BEGIN Extracted information

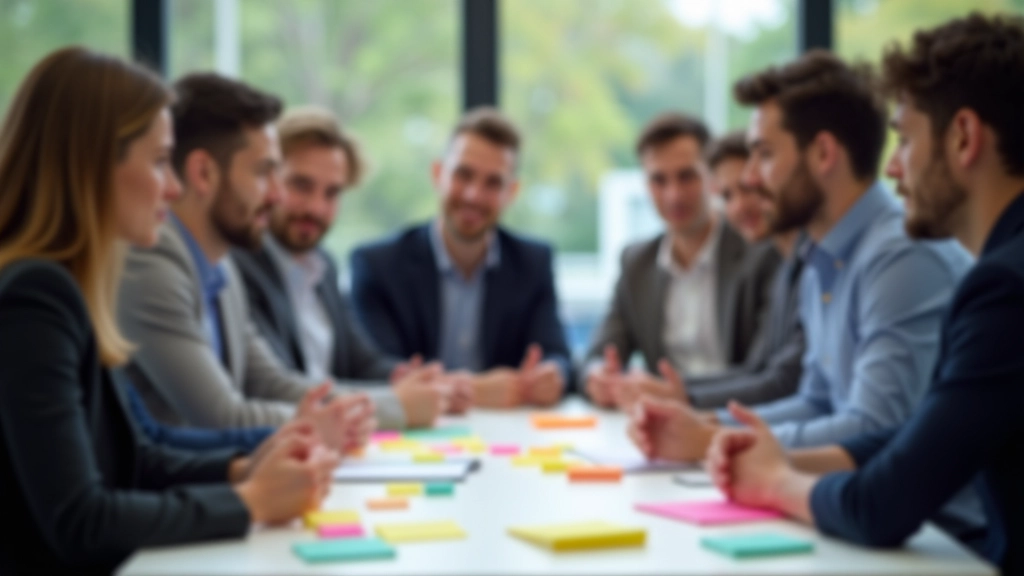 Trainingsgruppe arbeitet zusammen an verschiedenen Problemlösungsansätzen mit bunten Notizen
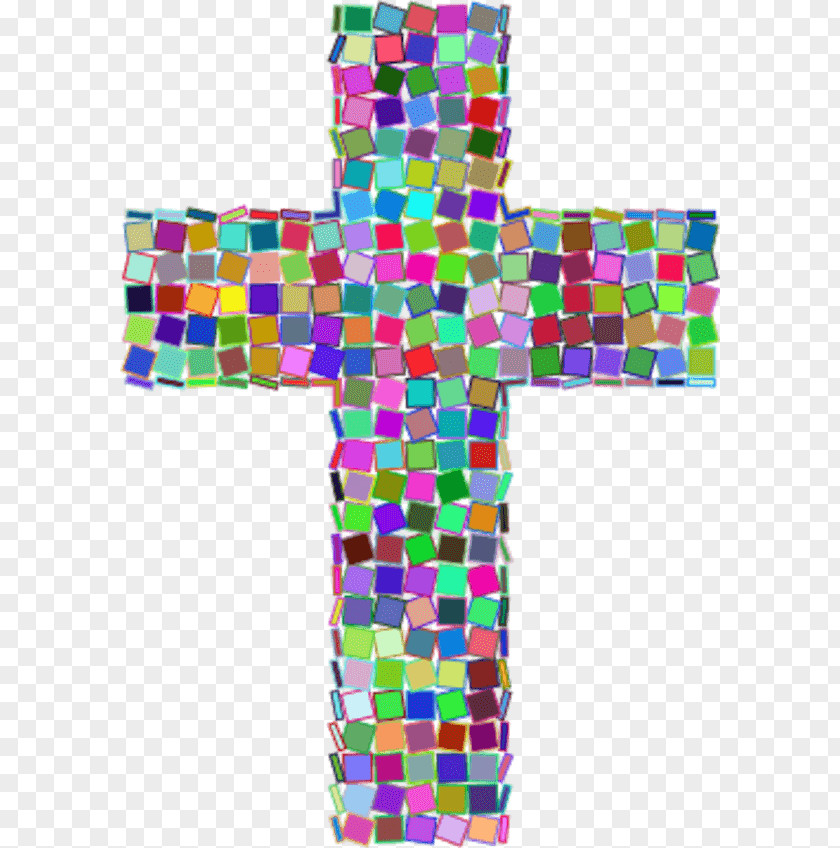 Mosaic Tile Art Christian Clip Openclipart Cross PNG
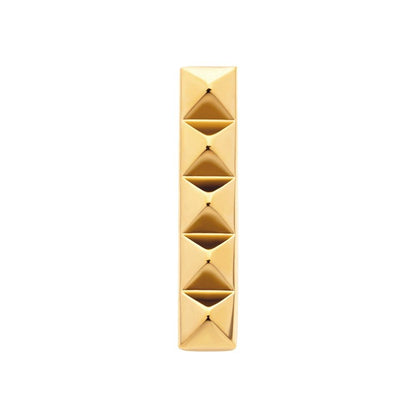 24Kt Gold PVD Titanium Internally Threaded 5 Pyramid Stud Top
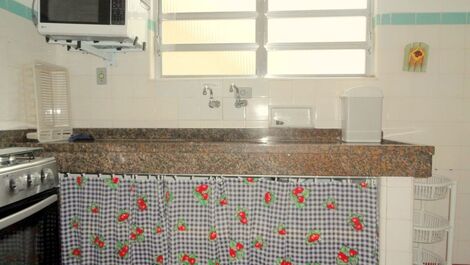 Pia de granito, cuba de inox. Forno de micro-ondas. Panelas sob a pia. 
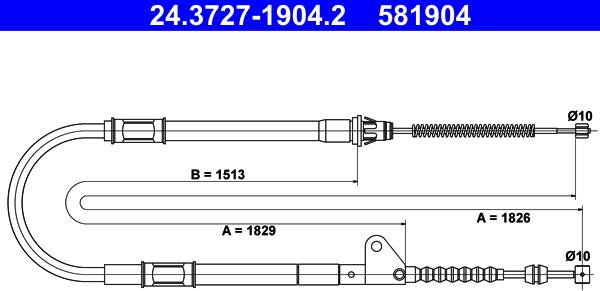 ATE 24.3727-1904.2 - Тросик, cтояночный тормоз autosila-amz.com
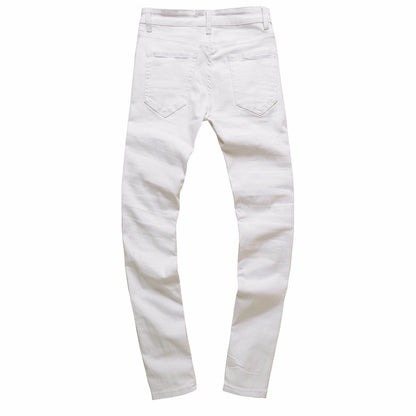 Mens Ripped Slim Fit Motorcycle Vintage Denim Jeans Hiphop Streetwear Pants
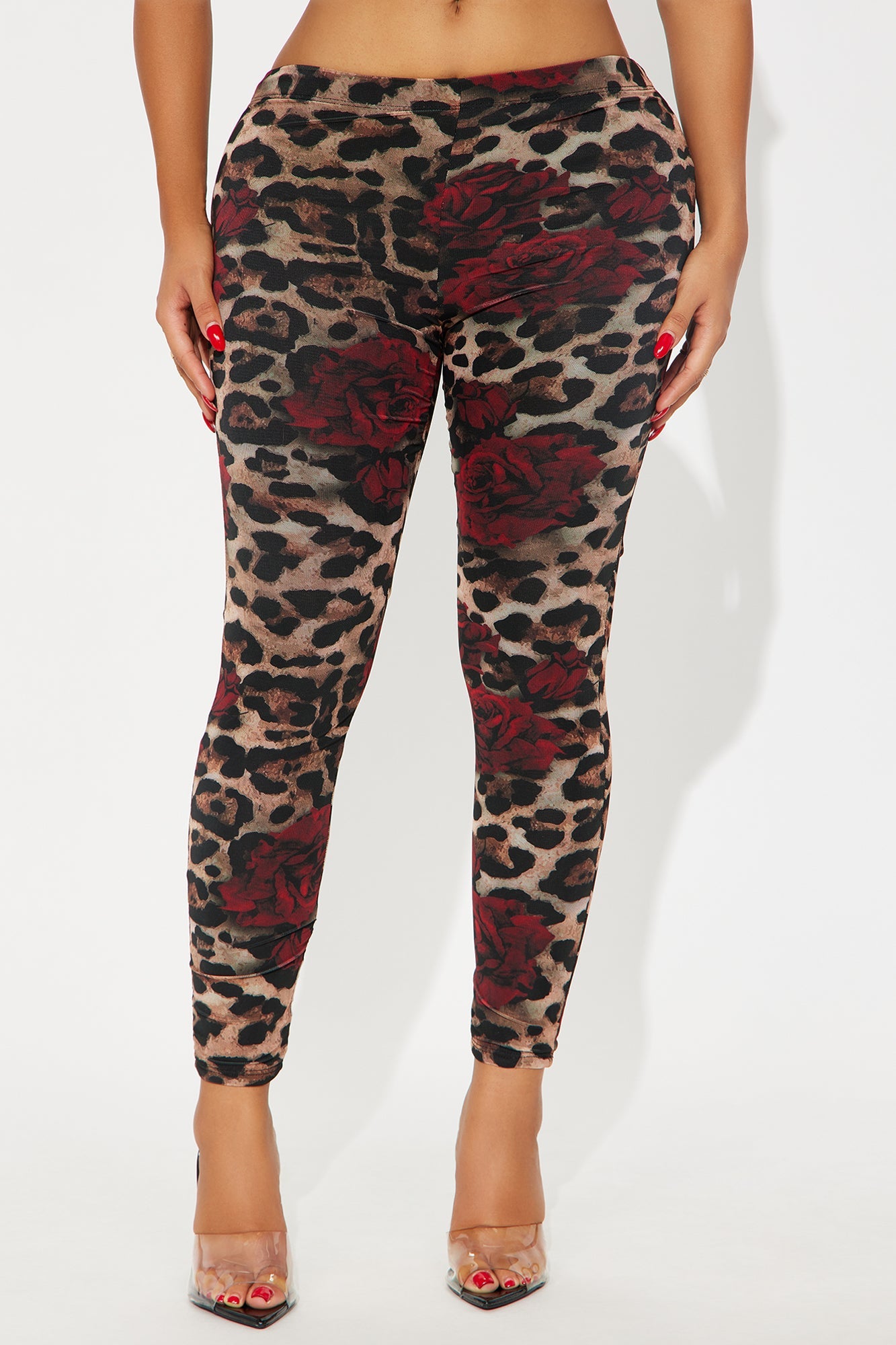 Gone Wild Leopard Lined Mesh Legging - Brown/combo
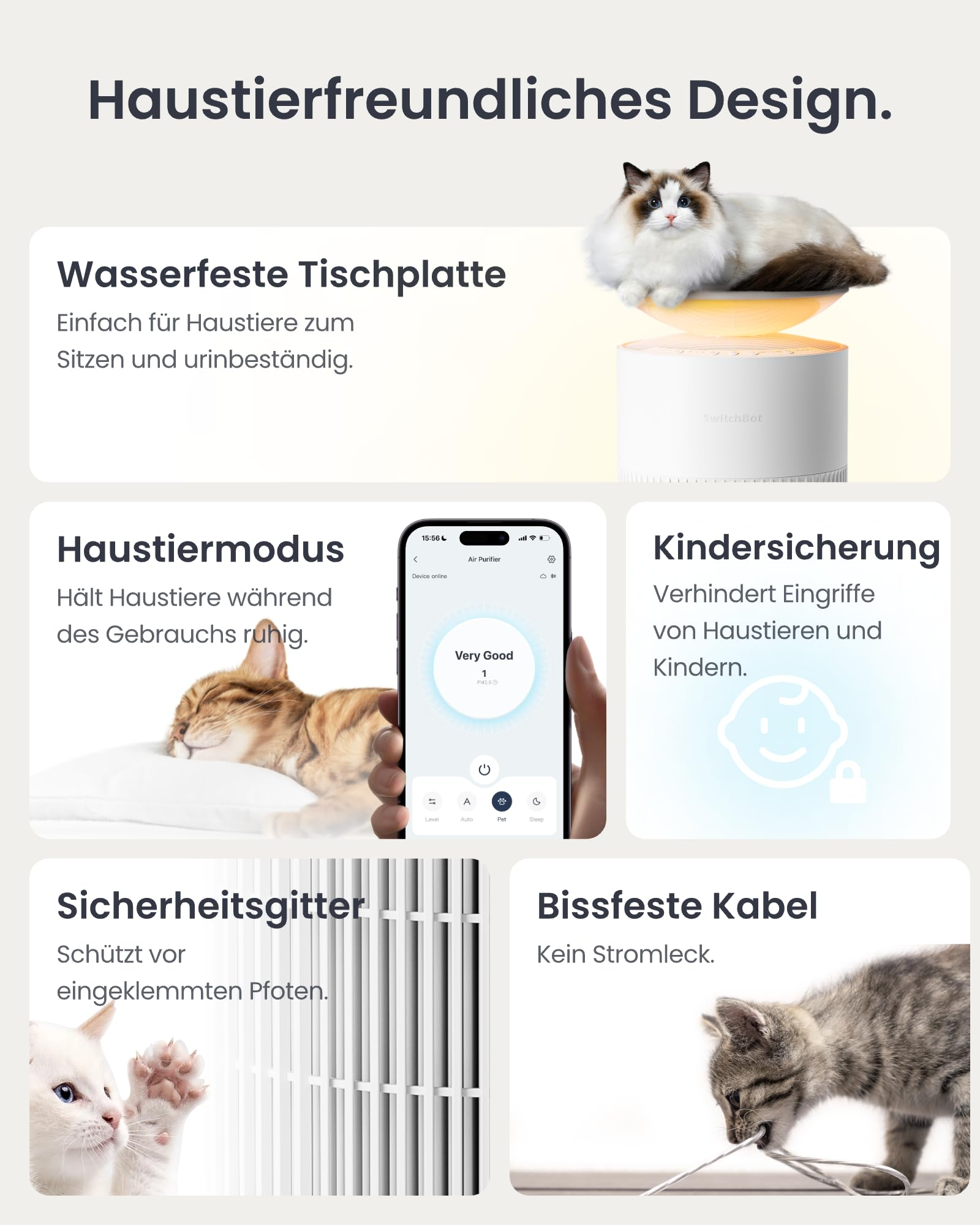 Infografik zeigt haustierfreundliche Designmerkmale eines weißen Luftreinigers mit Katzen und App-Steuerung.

END Extracted information

Repeat the data exactly as given. Keep every picture out of the copy.

▶ _Written answer_
 Trainingsgruppe arbeitet zusammen an verschiedenen Problemlösungsansätzen mit bunten Notizen
 Mosaic Tile Art Christian Clip Openclipart Cross PNG
 24Kt Gold PVD Titanium Internally Threaded 5 Pyramid Stud Top
 Pia de granito, cuba de inox. Forno de micro-ondas. Panelas sob a pia. 
 ATE 24.3727-1904.2 - Тросик, cтояночный тормоз autosila-amz.com
 Mens Ripped Slim Fit Motorcycle Vintage Denim Jeans Hiphop Streetwear Pants
 Gone Wild Leopard Lined Mesh Legging - Brown/combo
 Infografik zeigt haustierfreundliche Designmerkmale eines weißen Luftreinigers mit Katzen und App-Steuerung.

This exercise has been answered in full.